9. Take the soft path. Instead of building a 100,000-processor supercomputer at a cost of $500 million, do what the folks searching for extraterrestrial life have done. Write software allowing private citizens to network their personal computers into a giant computing network that does the processing when the machines aren’t being otherwise used. This might not do much to reduce NCAR’s carbon footprint — although it might be possible to write the software to give priority to machines in areas where green
electricity is available — but it could save NCAR a bundle on its
utility bill, because the volunteers would end up paying for the
electricity.

All
of these technologies are available off-the-shelf today. And the urgent
adoption of all of them is being widely touted as necessary to cut the
world’s output of greenhouse gases to the point where global
temperatures will rise no more than 2 degrees Celsius by the end of the
century — damn the economic and social consequences. Senior climate
scientists at NCAR are among those most insistent on this point.

Of
course, all of these technologies (with the possible exception of the
last one) would produce electricity that costs more than powering the
computer center with el cheapo Wyoming coal-generated electricity —
which is NCAR’s stated reason for locating the computer center in
Cheyenne (they don’t emphasize the coal part).

The
cost of electricity is evidently not just the main thing for NCAR; it’s
the only thing. If the institute located its computing center in
Boulder, it would still be computing with fossil fuel-generated
electricity, supplied by Xcel, but Xcel power costs more than power
generated in Wyoming (probably because Xcel has more natural gas in its
fuel mix and because it has to haul in the coal it uses from out of
state.) But the cost difference between Wyoming and Colorado fossil
fuel-generated electricity is enough for NCAR to choose Wyoming.
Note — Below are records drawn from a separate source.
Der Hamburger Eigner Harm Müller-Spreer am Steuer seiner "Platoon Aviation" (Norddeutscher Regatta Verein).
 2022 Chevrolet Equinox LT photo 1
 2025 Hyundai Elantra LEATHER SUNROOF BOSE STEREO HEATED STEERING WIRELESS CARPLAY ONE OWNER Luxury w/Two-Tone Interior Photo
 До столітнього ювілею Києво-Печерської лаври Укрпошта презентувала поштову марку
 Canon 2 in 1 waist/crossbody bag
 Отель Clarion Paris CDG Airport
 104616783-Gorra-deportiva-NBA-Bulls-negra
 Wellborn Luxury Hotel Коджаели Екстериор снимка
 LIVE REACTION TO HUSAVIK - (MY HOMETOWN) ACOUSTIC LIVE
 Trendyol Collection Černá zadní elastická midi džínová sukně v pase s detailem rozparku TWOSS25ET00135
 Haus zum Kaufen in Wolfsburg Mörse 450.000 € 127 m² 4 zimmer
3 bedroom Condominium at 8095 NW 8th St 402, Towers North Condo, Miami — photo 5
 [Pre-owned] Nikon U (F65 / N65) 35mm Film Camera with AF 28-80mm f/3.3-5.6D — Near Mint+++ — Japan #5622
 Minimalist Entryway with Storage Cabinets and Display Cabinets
The
thought of using non-fossil-fuel-generated electricity apparently
didn’t enter into the decision.

Personally,
I don’t give a rip whether NCAR chooses to locate its computing center
in Boulder, Cheyenne, or Tierra del Fuego (where it could build a
geothermal power plant, come to think of it).

But
I submit that its decision to opt for coal power rather than any of the
assorted green technologies makes a mockery out of the warnings from
NCAR scientists about the dangers of global warming and the urgency of
doing anything about it.

It also makes the lords of Table Mesa laughing stocks in the eyes of the Second and Third Worlds — and large parts of the First.